Anachronique et prestigieux, traditionnel et pourtant résolument avant-gardiste, le Grand Prix de Monaco est la plus belle épreuve du Championnat du monde de F1. Christian Tornatore est le commissaire général de cette épreuve mythique.

Natif de Monaco, il a grandi en suivant les exploits des grands pilotes, dans le Grand Prix bien sûr, mais aussi dans le célèbre rallye. Aujourd'hui, toujours passionné par le sport automobile, c'est lui qui supervise «sur le terrain» l'organisation des deux courses.
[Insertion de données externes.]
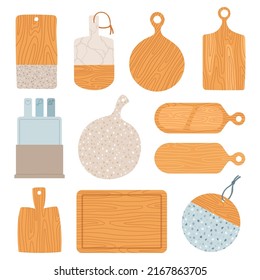 Holzschnittplatten-Set mit flachem Design, Vektorgrafik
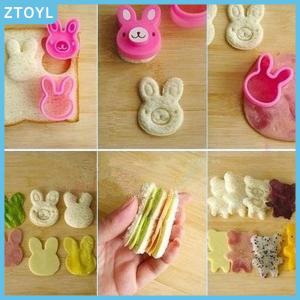 ZTOYL 3 PCS Sandwich Crust Cutter Cookie Bread Mold Bento Maker Rabbit Panda Flower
Vendredi, il nous a guidé dans les coulisses du Grand Prix et, si vous croyez que c'est complexe d'organiser une épreuve de F1 sur l'île Notre-Dame, essayez d'imaginer à Monaco!

Le port de la principauté est minuscule, coincé entre la Méditerranée et les Alpilles. Il n'y a pratiquement qu'une route pour y accéder, aussi tortueuse que le circuit lui-même, et c'est un casse-tête d'y amener chaque année non seulement les voitures qui participent au Grand Prix et aux épreuves de soutien, mais aussi toute l'infrastructure du Grand Prix.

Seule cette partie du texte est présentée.